### Information supplied
══════════════════════════════

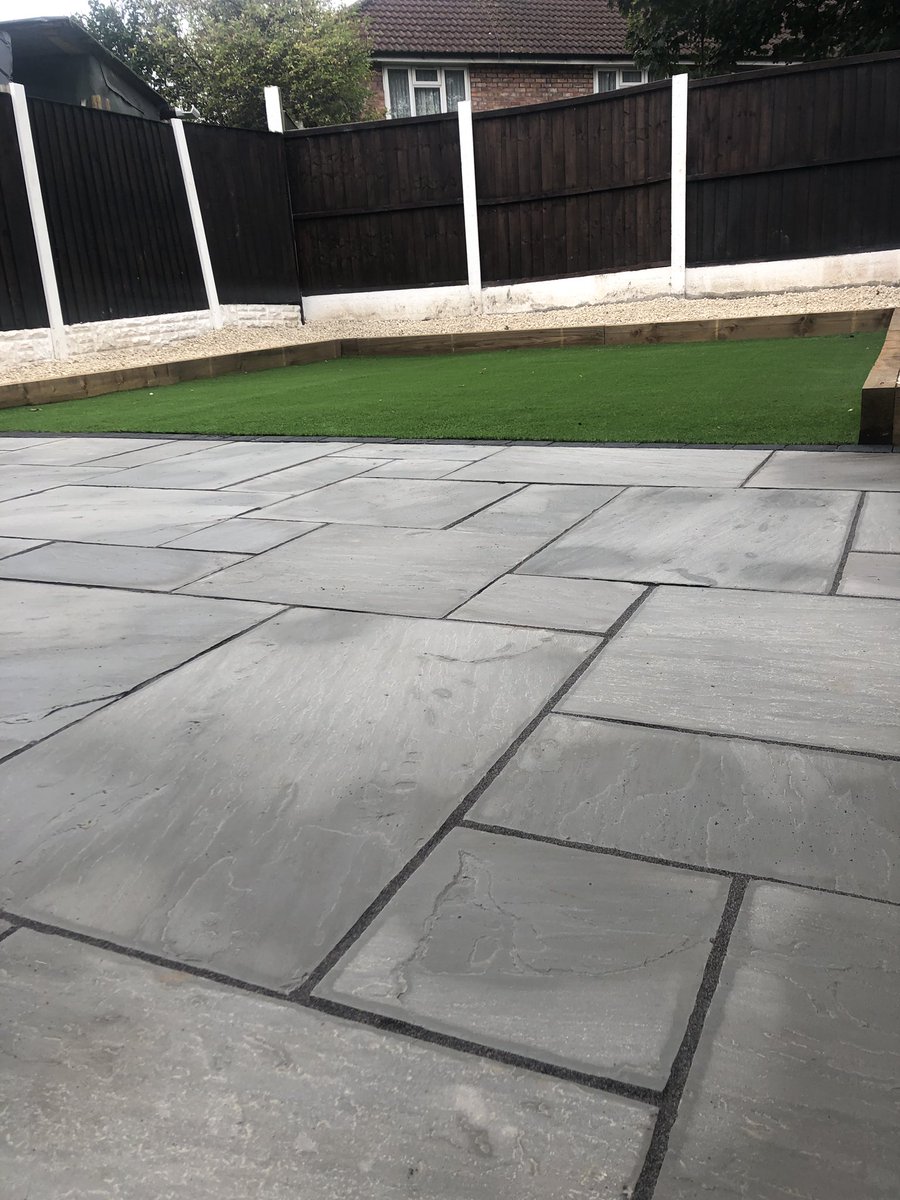 Andy_Fowler's tweet photo. Great transformation on this one in Norris Green. Indian stone with charcoal block border,30mm artificial grass with raised sleeper borders and decoration stone 👌🏻😁😎 #MaintenanceFree #FowlersGardens #SummersComing https://t.co/Tye6SVxx5S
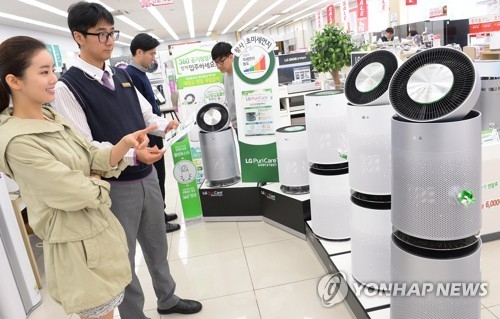 Clients look at air purifiers at an outlet run by LG Electronics Inc. in downtown Seoul on April 14, 2017. (Yonhap)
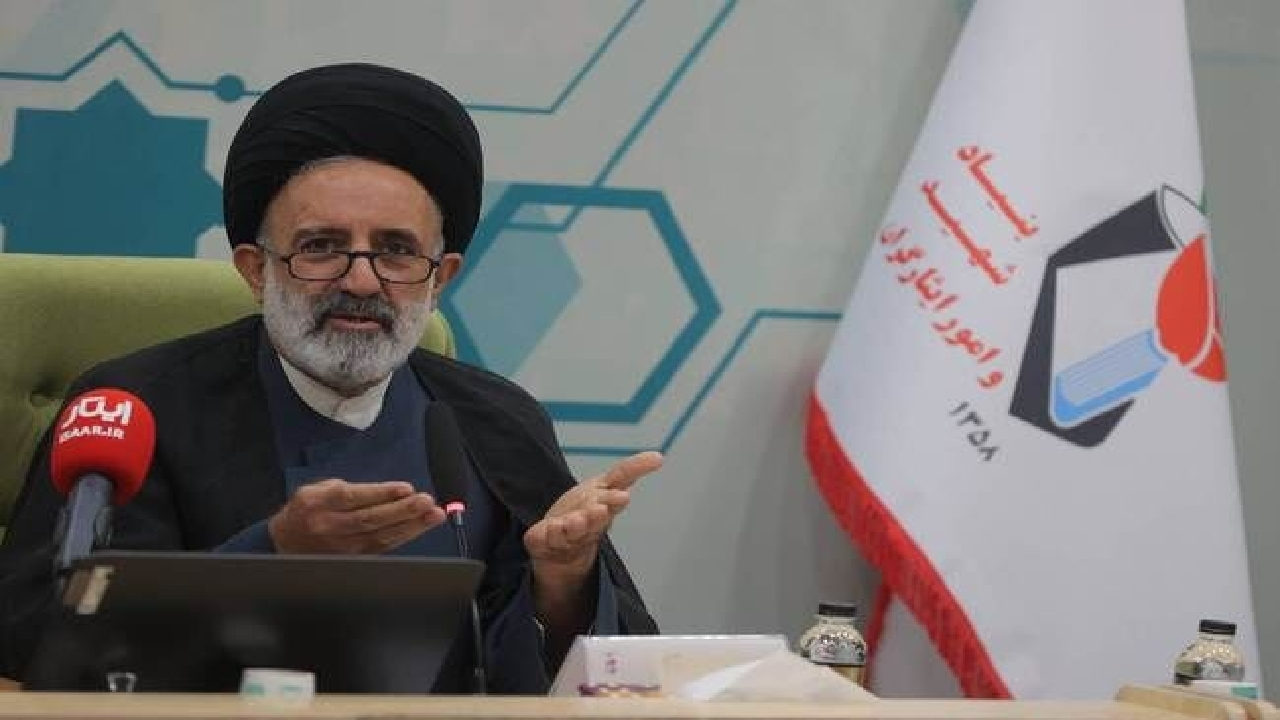 جنگ با استکبار را تا برافراشته شدن پرچم حق ادامه میدهیم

══════════════════════════════

### Exercise details
Please write out, word for word, each line from the one with "Clients look at" to the last line of the data, keeping both ends and omitting pictures.

### Answer space
 Clients look at air purifiers at an outlet run by LG Electronics Inc. in downtown Seoul on April 14, 2017. (Yonhap)
 جنگ با استکبار را تا برافراشته شدن پرچم حق ادامه میدهیم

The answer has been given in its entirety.